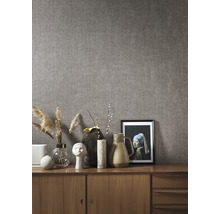 Vue d''une pièce avec papier peint textile et décoration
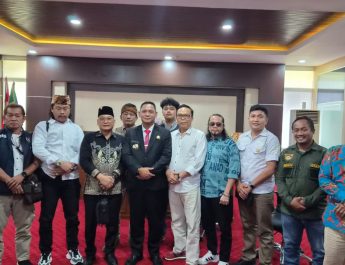 Bupati Bekasi Tegaskan Akan Copot Kadis LH Usai Tuntutan Wartawan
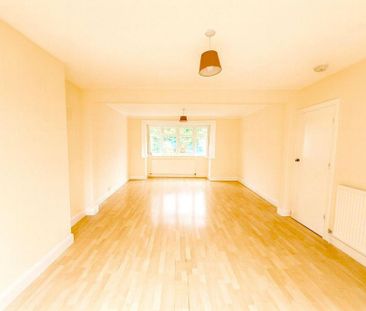 3 bedroom end of terrace house to rent - Photo 1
- - -
## EXERCISE:
When copying the listing, skip the pictures and keep each line exactly as written.

## RESULT OF THIS TASK:
 Vue d''une pièce avec papier peint textile et décoration
 Bupati Bekasi Tegaskan Akan Copot Kadis LH Usai Tuntutan Wartawan
 3 bedroom end of terrace house to rent - Photo 1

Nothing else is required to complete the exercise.